▸ **What you will do**
Reproduce all of the entries below exactly, without images.

▸ **Available records**
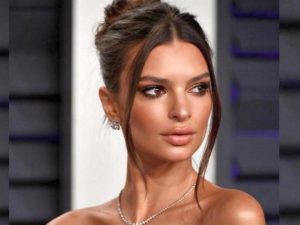 Эмили Ратаковски опубликовала фото с новорожденным сыном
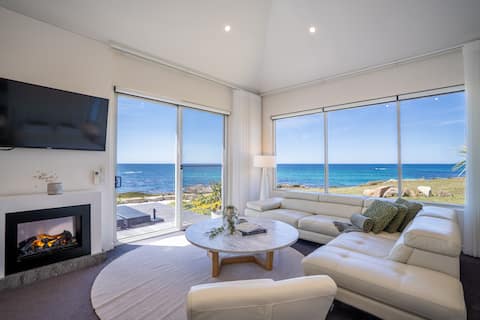 Luxe Villa + Private Hot Tub + Sauna + Fireplace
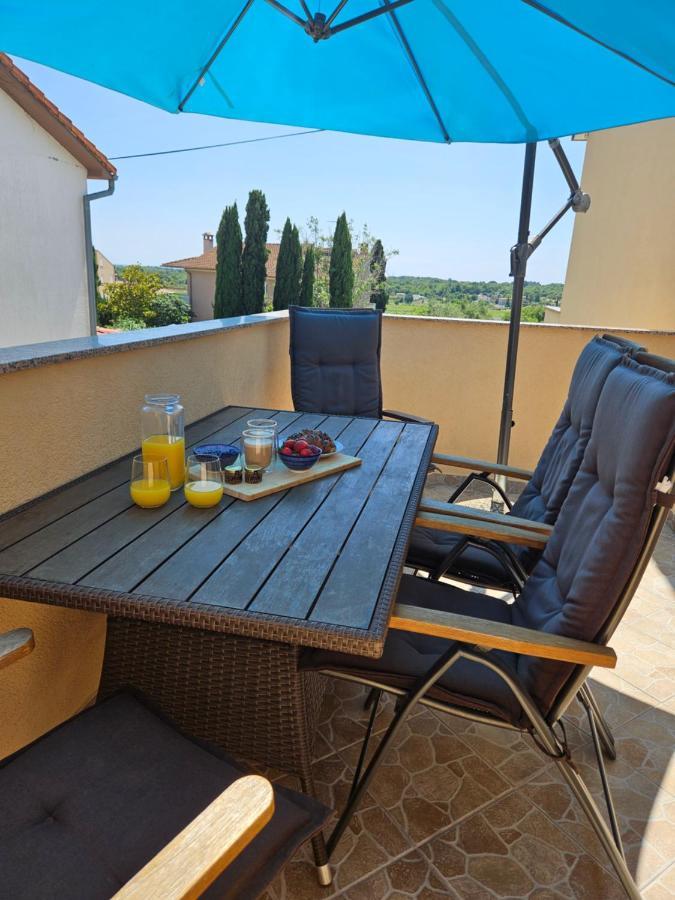 Apartmani Grzinic Rovinj Exterior foto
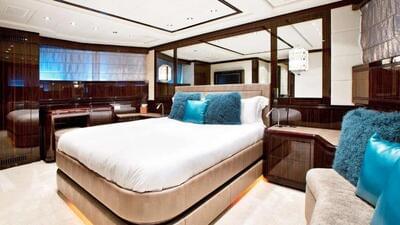  Mangusta Maxi Open 132 Mac Too  <b>Interior Gallery</b>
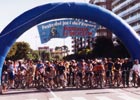 Arco de llegada azul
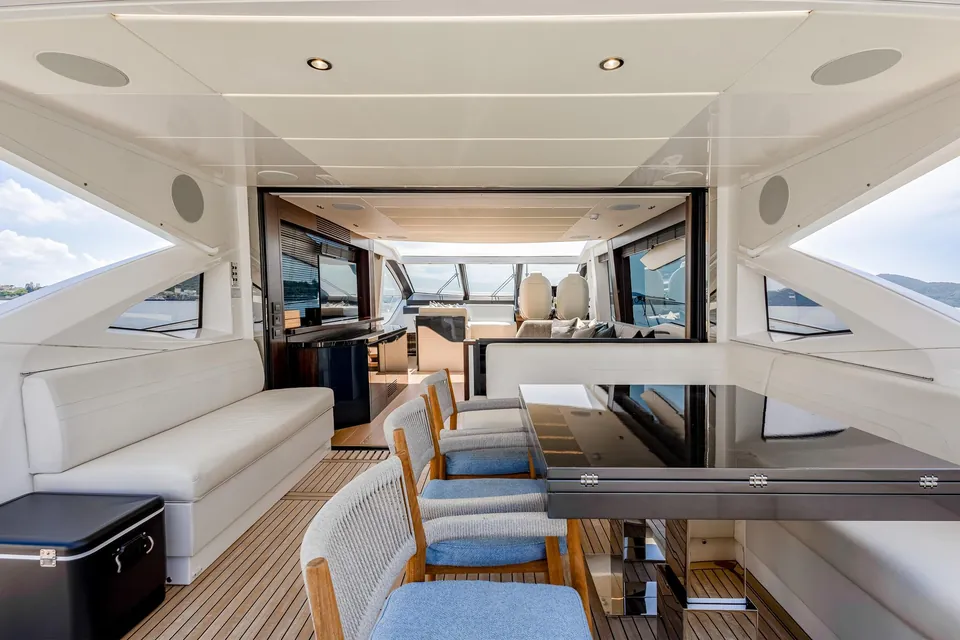 Blossom, 2023 Sunseeker, photo 11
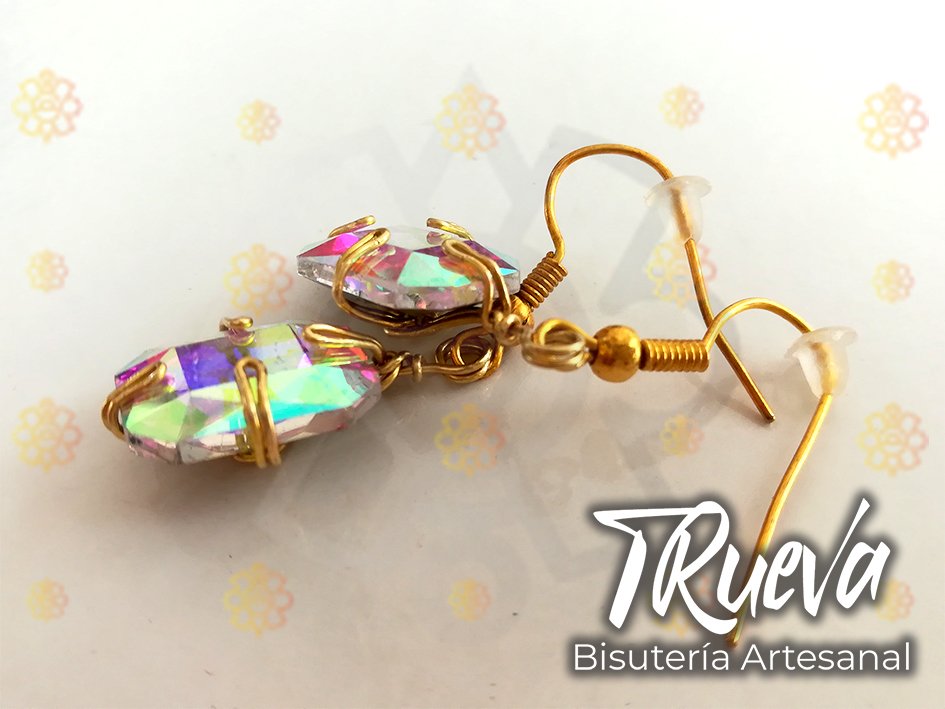 pendientes dorados con cuenta de cristal imitación diamante de color - Image 4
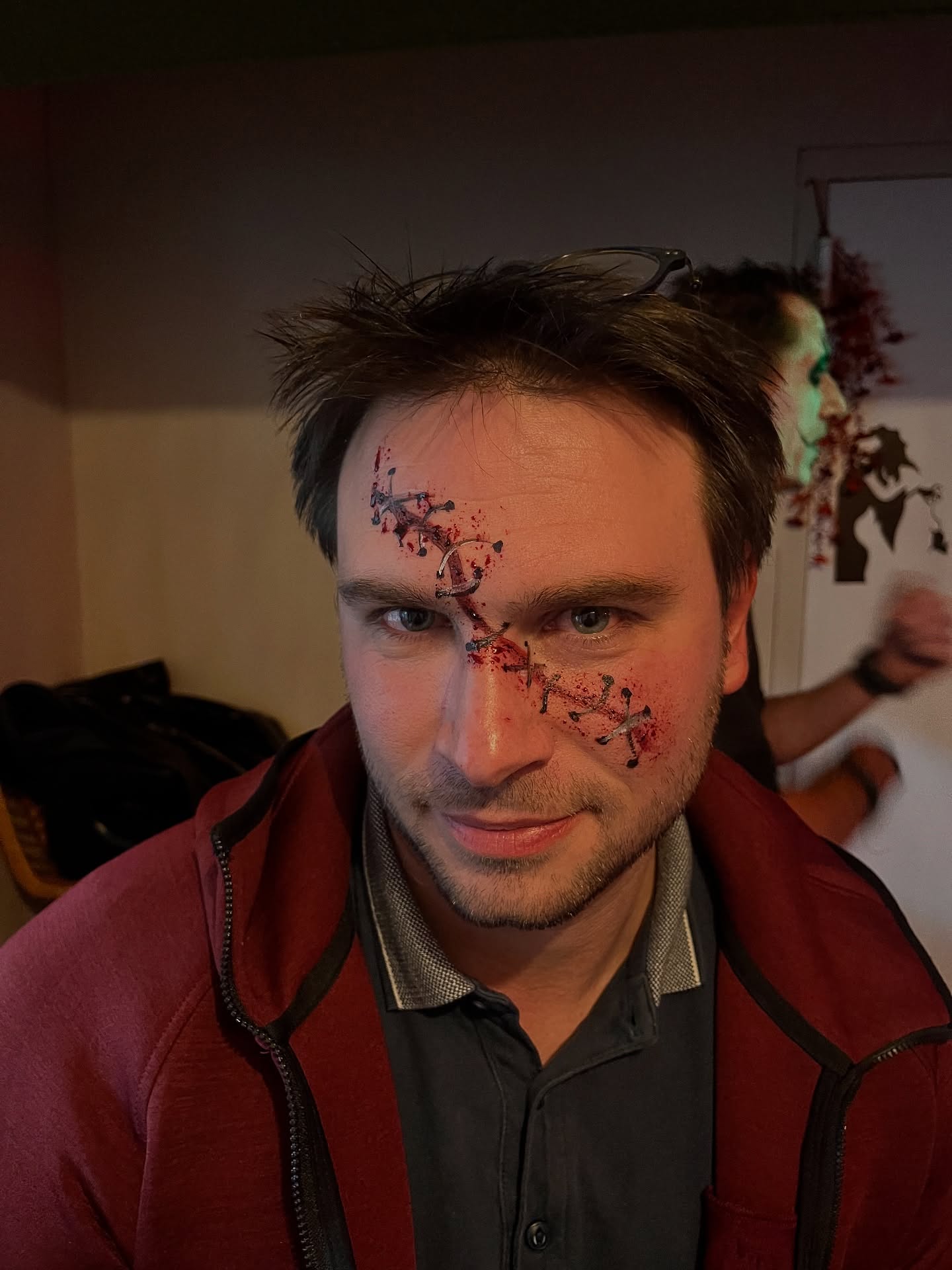 maquillage halloween homme blessure eclaboussure mainsdemarie vendee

▸ **Reply to the task**
 Эмили Ратаковски опубликовала фото с новорожденным сыном
 Luxe Villa + Private Hot Tub + Sauna + Fireplace
 Apartmani Grzinic Rovinj Exterior foto
  Mangusta Maxi Open 132 Mac Too  <b>Interior Gallery</b>
 Arco de llegada azul
 Blossom, 2023 Sunseeker, photo 11
 pendientes dorados con cuenta de cristal imitación diamante de color - Image 4
 maquillage halloween homme blessure eclaboussure mainsdemarie vendee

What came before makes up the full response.